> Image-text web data
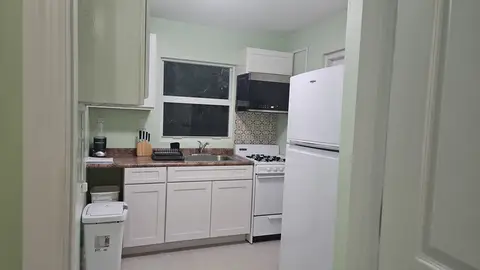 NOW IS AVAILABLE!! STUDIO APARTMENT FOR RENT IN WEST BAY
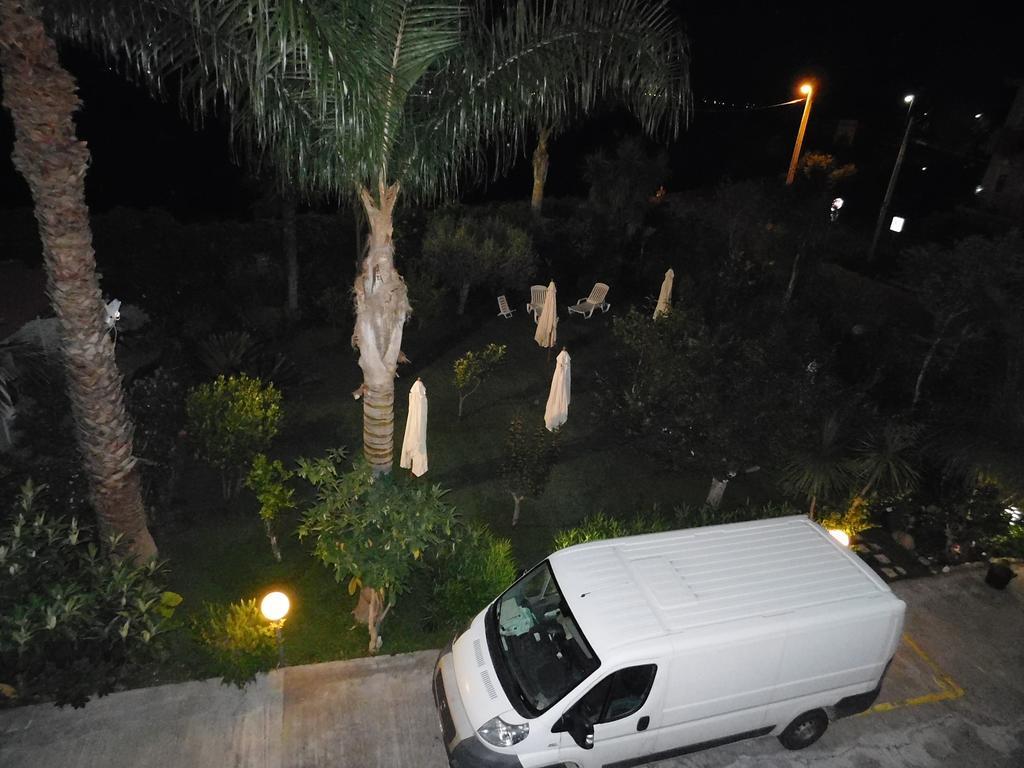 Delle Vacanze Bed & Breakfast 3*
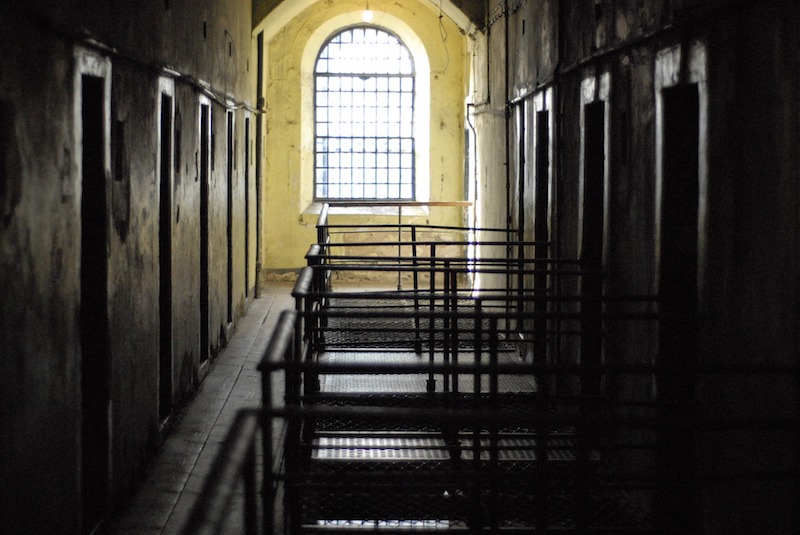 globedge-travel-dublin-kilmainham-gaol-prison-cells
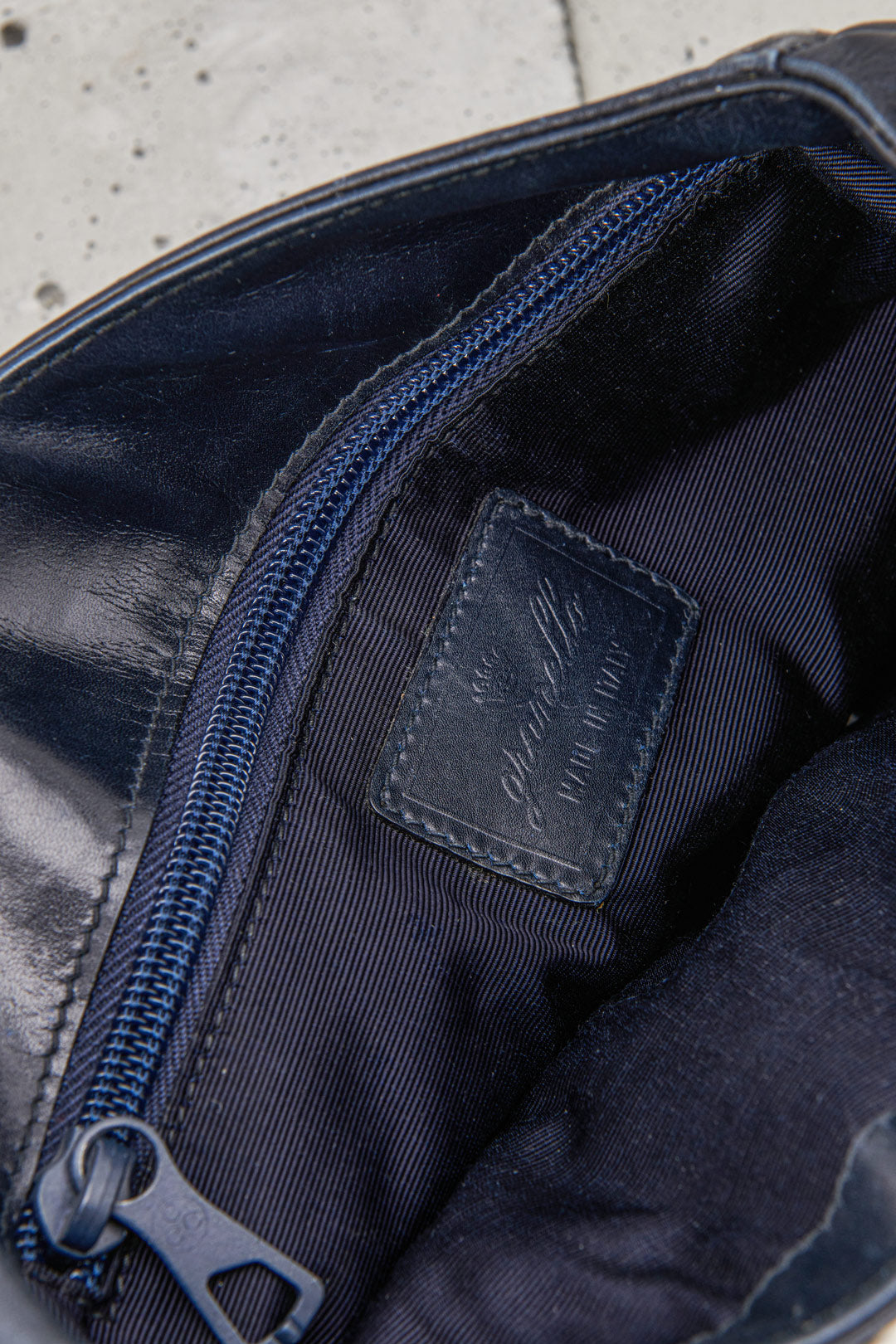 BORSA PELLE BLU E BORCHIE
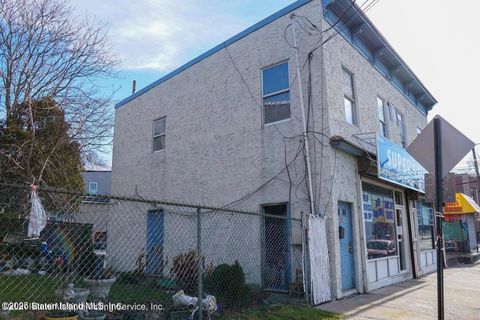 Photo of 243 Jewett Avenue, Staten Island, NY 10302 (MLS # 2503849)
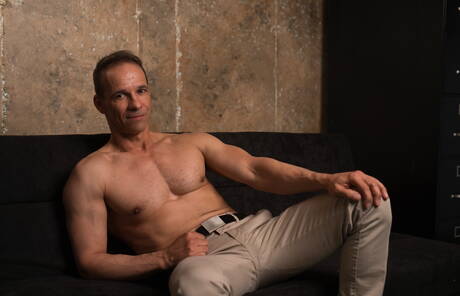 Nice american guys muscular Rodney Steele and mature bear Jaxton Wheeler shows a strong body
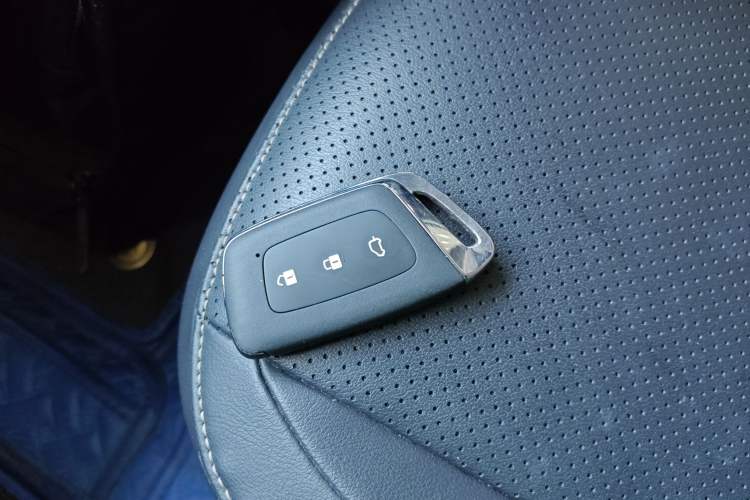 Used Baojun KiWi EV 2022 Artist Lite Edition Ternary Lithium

> Task prompt
Give the data again exactly. Keep the images out.

> Finished exercise
 NOW IS AVAILABLE!! STUDIO APARTMENT FOR RENT IN WEST BAY
 Delle Vacanze Bed & Breakfast 3*
 globedge-travel-dublin-kilmainham-gaol-prison-cells
 BORSA PELLE BLU E BORCHIE
 Photo of 243 Jewett Avenue, Staten Island, NY 10302 (MLS # 2503849)
 Nice american guys muscular Rodney Steele and mature bear Jaxton Wheeler shows a strong body
 Used Baojun KiWi EV 2022 Artist Lite Edition Ternary Lithium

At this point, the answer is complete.